■ **Extracted entries**
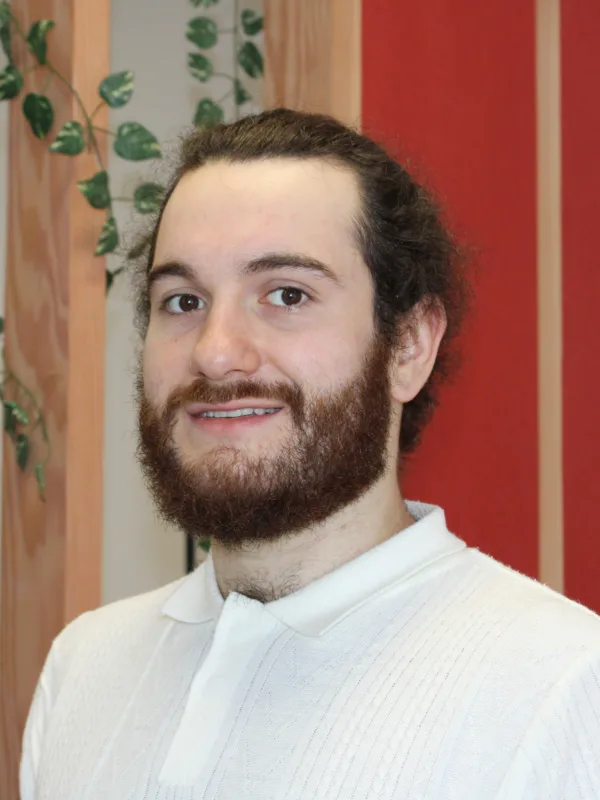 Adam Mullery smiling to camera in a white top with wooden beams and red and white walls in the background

--

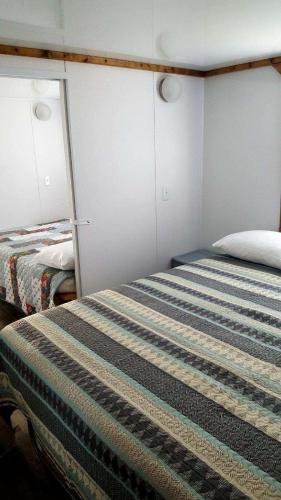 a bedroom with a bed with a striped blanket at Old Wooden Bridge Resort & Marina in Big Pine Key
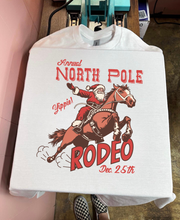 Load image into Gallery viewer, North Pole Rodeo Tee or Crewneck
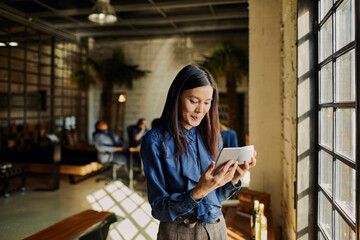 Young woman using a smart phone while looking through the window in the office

==

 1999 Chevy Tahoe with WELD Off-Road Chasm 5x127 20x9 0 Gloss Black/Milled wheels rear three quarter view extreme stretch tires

■ **Work instruction**
Above are the records; please give again, exactly and in full, only the lines that run from the line with "Load image into" through the line with "Young woman using", with no pictures.

■ **Answer box**
 Load image into Gallery viewer, North Pole Rodeo Tee or Crewneck
 Young woman using a smart phone while looking through the window in the office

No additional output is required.